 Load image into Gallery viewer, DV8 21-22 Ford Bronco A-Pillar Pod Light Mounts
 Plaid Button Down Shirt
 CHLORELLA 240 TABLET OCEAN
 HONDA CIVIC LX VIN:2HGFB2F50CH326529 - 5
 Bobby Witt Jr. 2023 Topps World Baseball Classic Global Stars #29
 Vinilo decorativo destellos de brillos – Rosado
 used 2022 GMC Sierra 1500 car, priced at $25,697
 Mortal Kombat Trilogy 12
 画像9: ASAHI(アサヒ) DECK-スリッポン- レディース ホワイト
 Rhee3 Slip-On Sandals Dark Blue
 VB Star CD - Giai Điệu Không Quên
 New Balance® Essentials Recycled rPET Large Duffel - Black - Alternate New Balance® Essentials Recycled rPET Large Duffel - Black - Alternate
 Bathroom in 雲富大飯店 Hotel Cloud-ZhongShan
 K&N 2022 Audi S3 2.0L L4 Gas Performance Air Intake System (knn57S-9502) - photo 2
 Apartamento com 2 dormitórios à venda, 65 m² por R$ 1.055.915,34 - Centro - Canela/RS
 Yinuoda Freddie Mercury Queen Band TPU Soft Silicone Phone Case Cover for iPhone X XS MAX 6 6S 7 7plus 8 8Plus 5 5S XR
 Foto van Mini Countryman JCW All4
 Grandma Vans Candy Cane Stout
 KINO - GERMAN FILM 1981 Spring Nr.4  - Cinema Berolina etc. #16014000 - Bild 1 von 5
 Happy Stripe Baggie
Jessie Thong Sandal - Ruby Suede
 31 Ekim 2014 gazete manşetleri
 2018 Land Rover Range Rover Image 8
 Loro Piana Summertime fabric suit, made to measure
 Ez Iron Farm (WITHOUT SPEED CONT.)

• WORK ITEM
Repeat every line of the data word for word until you have repeated the line that contains "Vinilo decorativo destellos", which is the last one to include.

• RESULT FOR THIS EXERCISE
 Load image into Gallery viewer, DV8 21-22 Ford Bronco A-Pillar Pod Light Mounts
 Plaid Button Down Shirt
 CHLORELLA 240 TABLET OCEAN
 HONDA CIVIC LX VIN:2HGFB2F50CH326529 - 5
 Bobby Witt Jr. 2023 Topps World Baseball Classic Global Stars #29
 Vinilo decorativo destellos de brillos – Rosado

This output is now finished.